**WHAT YOU SHOULD DO**.
Work through the lines of the material below, note those with the word "Bears", and give their number, nothing else.

**STORED DATA**.
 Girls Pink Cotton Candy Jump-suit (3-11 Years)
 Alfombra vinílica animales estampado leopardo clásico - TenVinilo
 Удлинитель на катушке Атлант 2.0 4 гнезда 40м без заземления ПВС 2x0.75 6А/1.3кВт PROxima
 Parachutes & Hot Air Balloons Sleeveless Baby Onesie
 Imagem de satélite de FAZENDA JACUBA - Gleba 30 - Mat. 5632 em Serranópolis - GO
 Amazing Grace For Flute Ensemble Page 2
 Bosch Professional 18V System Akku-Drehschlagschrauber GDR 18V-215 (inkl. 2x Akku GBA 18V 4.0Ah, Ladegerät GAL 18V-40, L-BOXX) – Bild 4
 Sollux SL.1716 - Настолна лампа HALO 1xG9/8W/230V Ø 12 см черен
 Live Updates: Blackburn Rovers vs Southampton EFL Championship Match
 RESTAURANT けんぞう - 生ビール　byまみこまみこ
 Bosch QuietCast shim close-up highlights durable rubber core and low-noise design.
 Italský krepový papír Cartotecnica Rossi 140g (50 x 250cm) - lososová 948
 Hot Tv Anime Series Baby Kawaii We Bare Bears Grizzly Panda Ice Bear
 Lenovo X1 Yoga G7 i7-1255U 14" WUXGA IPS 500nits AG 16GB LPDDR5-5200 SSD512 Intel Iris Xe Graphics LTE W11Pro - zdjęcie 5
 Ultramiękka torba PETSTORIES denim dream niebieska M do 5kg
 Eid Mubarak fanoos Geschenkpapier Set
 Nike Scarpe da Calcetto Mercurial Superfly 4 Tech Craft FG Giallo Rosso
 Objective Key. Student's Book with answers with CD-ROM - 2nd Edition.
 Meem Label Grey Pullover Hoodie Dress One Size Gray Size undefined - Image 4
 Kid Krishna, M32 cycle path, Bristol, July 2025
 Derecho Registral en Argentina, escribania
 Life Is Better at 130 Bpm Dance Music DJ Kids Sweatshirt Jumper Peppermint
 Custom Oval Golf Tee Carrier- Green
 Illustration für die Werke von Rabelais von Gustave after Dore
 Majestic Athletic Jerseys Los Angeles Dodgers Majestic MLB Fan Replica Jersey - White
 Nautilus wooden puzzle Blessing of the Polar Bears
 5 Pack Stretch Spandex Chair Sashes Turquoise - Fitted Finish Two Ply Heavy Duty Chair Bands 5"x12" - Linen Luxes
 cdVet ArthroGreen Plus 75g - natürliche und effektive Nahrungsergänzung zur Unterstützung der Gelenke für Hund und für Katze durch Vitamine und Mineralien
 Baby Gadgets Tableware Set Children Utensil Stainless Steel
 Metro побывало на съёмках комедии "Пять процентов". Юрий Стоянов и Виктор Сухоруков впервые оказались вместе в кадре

**TASK ANSWER**.
2